To date, we could only find very limited reports addressing the mechanisms of serotonin biosynthesis in bacteria. In an initial study, Ma et al. (2017) used isotope-labeled L-tryptophan to characterize the melatonin biosynthetic pathway in Pseudomonas fluorescens RG11, which resulted in detection of isotope-labeled serotonin and melatonin by HPLC-MS. Isotope-labeled 5-HTP, but not tryptamine, was also detected, suggesting that this specific strain possibly produces serotonin through an identical pathway to the one observed in vertebrates. However, the bacterial genes involved in this pathway were not investigated in the study and tryptophan hydroxylase genes were not identified in the published genome sequences of P. fluorescens, possibly indicating that either the gene is contained in a plasmid or that tryptophan hydroxylation is catalyzed by a different enzyme, such as phenylalanine hydroxylase, as suggested by the authors (Ma et al., 2017). Indeed, this enzyme has been previously confirmed to hydroxylate both phenylalanine and tryptophan in P. fluorescens (Lin et al., 2014) and the corresponding gene has been detected in multiple bacteria species (contrarily to tryptophan hydroxylase genes, which have not been identified in bacteria so far). Recently, in a follow-up study, the phenylalanine hydroxylase encoding gene from P. fluorescens RG11 was cloned and expressed (Jiao et al., 2021), and the corresponding enzyme also exhibited hydrolase activity with tryptophan as substrate, to form the serotonin precursor 5-HTP. Additionally, the team tested serotonin and melatonin production in a mutant strain lacking functional PheH, in which serotonin and 5-HTP production decreased considerably. These studies provide evidence that PheH may contribute to the first step of serotonin and melatonin synthesis, as represented in Figure 1, at least in this specific bacterial strain. For the conversion of 5-HTP to serotonin, a tryptophan decarboxylase (or AAAD) is required, but so far this enzyme has not been identified in P. fluorescens. Nonetheless, 5-HTP decarboxylation was observed in P. putida AAAD (Koyanagi et al., 2012), which could potentially be responsible for further conversion of 5-HTP into serotonin in these Pseudomonas species, but so far, this next step has not been confirmed yet.
Regarding bacterial AAAD, a great part of the currently existing research was performed in the scope of biogenic amines (which include serotonin, tyramine, tryptamine, and melatonin) production in fermented foods, mostly in lactic acid bacteria, due to their adverse effects on human health. It is known that at least some of the bacterial decarboxylase genes involved in BA synthesis are located in genomic islands or in unstable plasmids. Additionally, these genetic elements appear to be strain-specific rather than species-specific. Such observations led scientists to believe that the BA-producing ability of bacteria is a result of horizontal gene transfer that occurred between microbial organisms during evolution (Mohedano et al., 2015).

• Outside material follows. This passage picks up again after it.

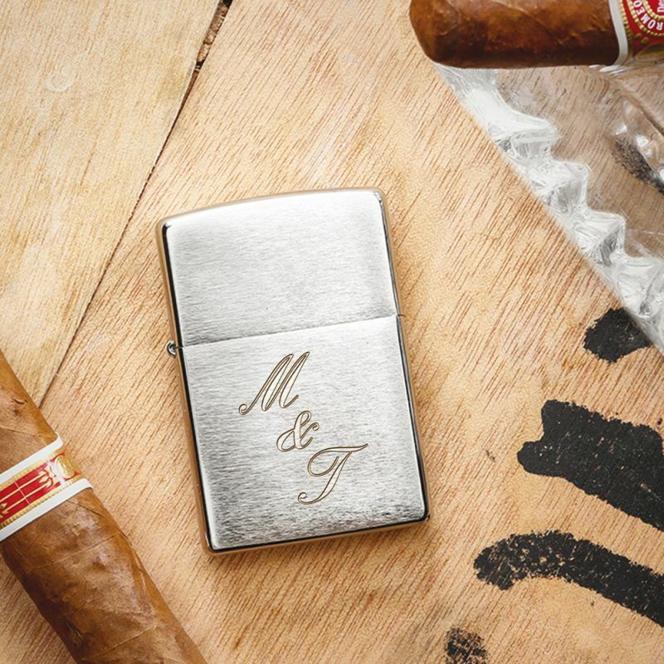 Original Zippo Feuerzeug - Personalisiert mit Gravur - Initialen für Paare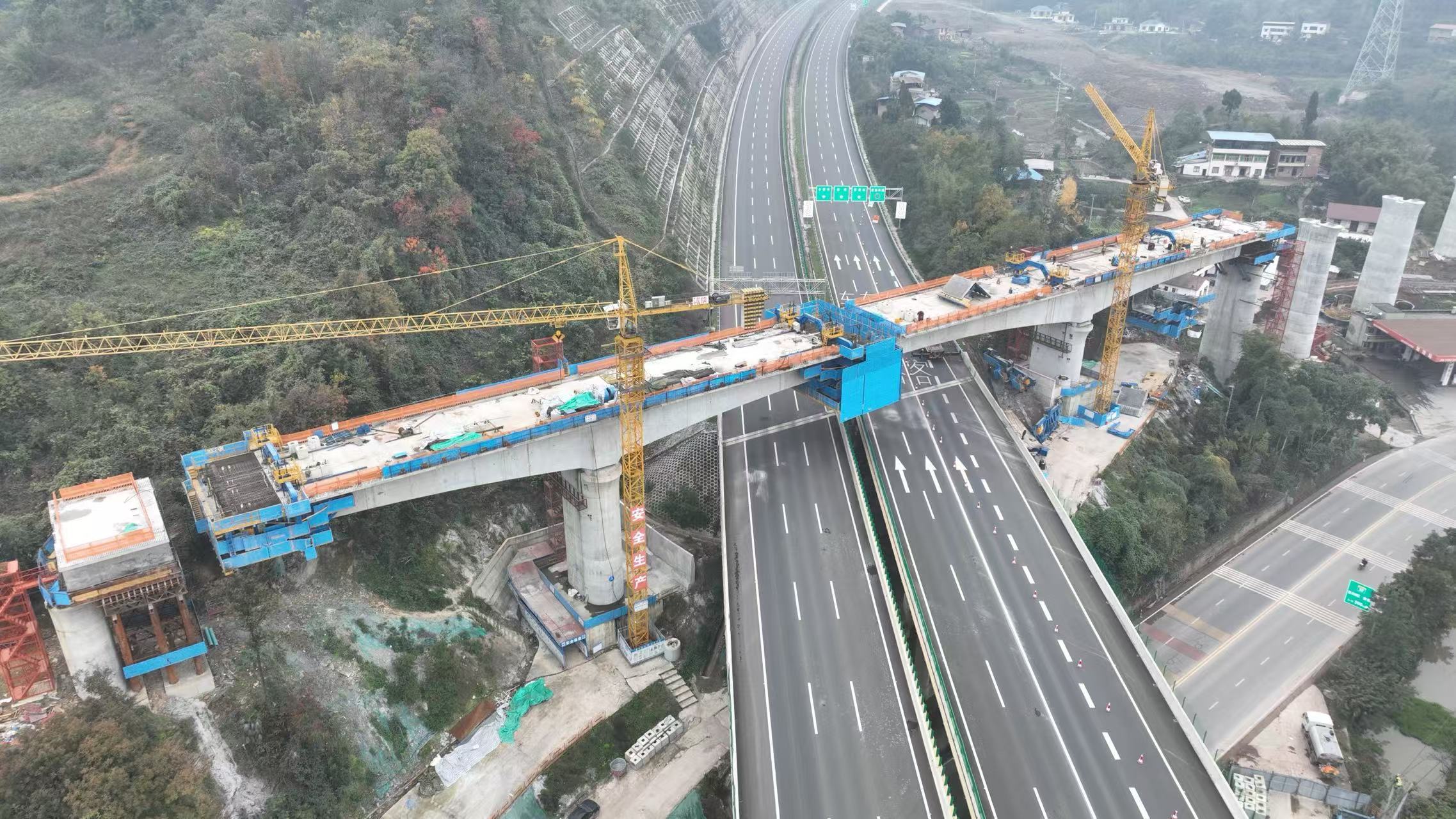 銅安特大橋合龍成功，五新智能懸臂造橋機轉戰淮遠河特大橋！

Tyramine, the product of tyrosine decarboxylation by tyrosine decarboxylase, is one of the most studied BA in this context due to its dangerous effects on the vascular system when ingested (Mohedano et al., 2015), and tyrosine decarboxylase genes have already been identified in multiple bacterial strains, such as Enterococcus faecalis (Pessione et al., 2009), Enterococcus faecium, Enterococcus durans (Burdychova and Komprda, 2007), Lactococcus lactis, Lactobacillus brevis (Fernandez et al., 2004) and Carnobacterium divergens (Coton et al., 2004). On the other hand, tyramine production has been reported in other bacteria, such as Micrococcus sp. (Nakazawa et al., 1977), Leuconostoc sp. and Proteus mirabilis (González de Llano et al., 1998), for which further genetic analyses on tyrosine decarboxylase genes are lacking to date.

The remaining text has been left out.